Welke afwegingen gaan eraan vooraf om de impact van de steun aan Oekraïne acceptabel te stellen? Wat bedoelt u met acceptabel? Welke condities moeten overschreden worden zodat de impact niet acceptabel wordt?

Bij steunverlening aan Oekraïne wordt op basis van militair advies de impact op de eigen krijgsmacht bezien. Dit advies gaat onder andere in op de consequenties voor levering voor onder meer opleiden en trainen van eigen militairen en ook voor huidige inzet en stand-by taken. Bij de afweging wordt zeker gesteld dat de Nederlandse Krijgsmacht de internationale afspraken kan blijven waarmaken. Wel of niet acceptabel zijn van de ondersteuning hangt af van de geopolitieke situatie, waarbij de impact op eigen gereedheid, opleiden en trainen en missies wordt meegenomen.

11.

Vergt het huidige veiligheidsbeeld een verdere investering in Defensie dan de huidige 2%-doelstelling?
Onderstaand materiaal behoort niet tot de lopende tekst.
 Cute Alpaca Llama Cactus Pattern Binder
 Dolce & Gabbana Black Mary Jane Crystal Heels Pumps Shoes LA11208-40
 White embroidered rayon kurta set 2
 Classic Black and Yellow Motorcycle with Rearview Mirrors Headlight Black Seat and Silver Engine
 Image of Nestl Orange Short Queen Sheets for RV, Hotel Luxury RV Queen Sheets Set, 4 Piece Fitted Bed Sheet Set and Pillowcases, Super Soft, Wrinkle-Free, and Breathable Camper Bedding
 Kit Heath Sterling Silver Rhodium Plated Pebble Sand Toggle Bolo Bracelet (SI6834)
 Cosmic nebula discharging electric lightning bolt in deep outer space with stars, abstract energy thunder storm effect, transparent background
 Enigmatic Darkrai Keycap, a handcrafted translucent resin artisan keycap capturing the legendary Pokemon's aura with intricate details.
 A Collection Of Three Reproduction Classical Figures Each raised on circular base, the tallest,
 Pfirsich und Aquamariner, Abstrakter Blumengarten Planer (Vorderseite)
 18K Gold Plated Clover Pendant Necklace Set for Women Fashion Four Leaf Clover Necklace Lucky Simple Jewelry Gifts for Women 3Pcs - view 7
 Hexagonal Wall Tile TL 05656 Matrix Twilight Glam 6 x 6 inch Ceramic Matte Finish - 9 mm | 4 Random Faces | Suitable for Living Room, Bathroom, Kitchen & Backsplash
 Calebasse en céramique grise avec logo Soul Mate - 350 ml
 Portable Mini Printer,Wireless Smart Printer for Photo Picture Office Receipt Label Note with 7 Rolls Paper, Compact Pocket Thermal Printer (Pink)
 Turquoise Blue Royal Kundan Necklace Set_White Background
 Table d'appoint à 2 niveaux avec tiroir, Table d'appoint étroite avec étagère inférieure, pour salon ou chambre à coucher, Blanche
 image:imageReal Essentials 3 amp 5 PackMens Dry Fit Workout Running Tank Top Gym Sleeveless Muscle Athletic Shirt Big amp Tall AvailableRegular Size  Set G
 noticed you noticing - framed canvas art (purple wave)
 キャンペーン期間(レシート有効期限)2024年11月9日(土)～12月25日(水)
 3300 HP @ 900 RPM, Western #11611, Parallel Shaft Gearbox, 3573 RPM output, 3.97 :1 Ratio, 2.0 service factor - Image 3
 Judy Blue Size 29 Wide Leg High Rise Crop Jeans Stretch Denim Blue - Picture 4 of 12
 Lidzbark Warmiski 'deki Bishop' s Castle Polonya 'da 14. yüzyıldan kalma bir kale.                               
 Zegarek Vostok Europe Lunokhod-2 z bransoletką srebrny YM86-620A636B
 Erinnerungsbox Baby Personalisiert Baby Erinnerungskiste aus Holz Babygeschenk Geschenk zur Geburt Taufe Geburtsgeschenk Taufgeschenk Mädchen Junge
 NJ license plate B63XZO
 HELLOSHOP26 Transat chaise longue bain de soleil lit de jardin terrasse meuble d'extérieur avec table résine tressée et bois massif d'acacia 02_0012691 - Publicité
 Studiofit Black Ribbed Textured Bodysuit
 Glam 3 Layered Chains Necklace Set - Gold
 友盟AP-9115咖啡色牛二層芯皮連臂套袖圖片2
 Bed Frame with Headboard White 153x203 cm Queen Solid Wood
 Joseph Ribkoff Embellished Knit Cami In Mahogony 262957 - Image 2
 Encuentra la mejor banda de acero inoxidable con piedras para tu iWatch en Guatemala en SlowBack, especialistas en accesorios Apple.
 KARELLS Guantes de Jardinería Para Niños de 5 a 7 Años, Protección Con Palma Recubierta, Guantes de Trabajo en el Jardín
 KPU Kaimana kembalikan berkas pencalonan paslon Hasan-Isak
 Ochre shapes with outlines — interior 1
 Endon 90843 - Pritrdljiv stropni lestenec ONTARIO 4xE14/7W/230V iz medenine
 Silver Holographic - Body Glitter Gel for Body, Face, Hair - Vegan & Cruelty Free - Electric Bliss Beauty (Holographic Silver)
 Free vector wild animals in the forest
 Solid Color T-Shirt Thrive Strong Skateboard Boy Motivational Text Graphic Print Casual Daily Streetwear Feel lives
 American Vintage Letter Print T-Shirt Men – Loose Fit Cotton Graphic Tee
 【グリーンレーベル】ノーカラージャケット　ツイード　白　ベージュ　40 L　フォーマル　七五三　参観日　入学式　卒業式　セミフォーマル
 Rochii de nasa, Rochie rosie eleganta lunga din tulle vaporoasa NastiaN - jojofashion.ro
De internationale afspraak tijdens de NAVO-top in Vilnius om structureel ten minste 2% van het BBP aan Defensie te besteden (Kamerstuk 28 676, nr. 440) benadrukt de noodzaak om te investeren in de gereedheid, gevechtskracht en modernisering van Defensie. Tegelijkertijd stelt deze internationale afspraak dat in veel gevallen meer dan 2% nodig is om aan alle vereisten te voldoen die voortkomen uit de verslechterde veiligheidssituatie. Ook met de doorgroei naar structureel 2% van het BBP moet Defensie keuzes maken. De langjarige financiële zekerheid is ook cruciaal om de defensie-industrie in staat te stellen structureel op te schalen en te investeren in nieuwe technologie. De omvang van de benodigde (aanvullende) investeringen in Defensie zijn afhankelijk van veel externe factoren zoals de uitkomst van de oorlog in Oekraïne, de mate van toekomstige betrokkenheid van de VS in Europa en andere dreigingen en ontwikkelingen in de wereld. Het is aan een nieuw kabinet om te bepalen of het veiligheidsbeeld een verdere investering bovenop de huidige 2%-doelstelling vergt.

12.

Heeft Defensie, naast vergunningen vragen voor het Nationaal Programma Ruimte voor Defensie (NPRD), ook geprobeerd die uitzonderingspositie te verwerven die ze nu niet heeft?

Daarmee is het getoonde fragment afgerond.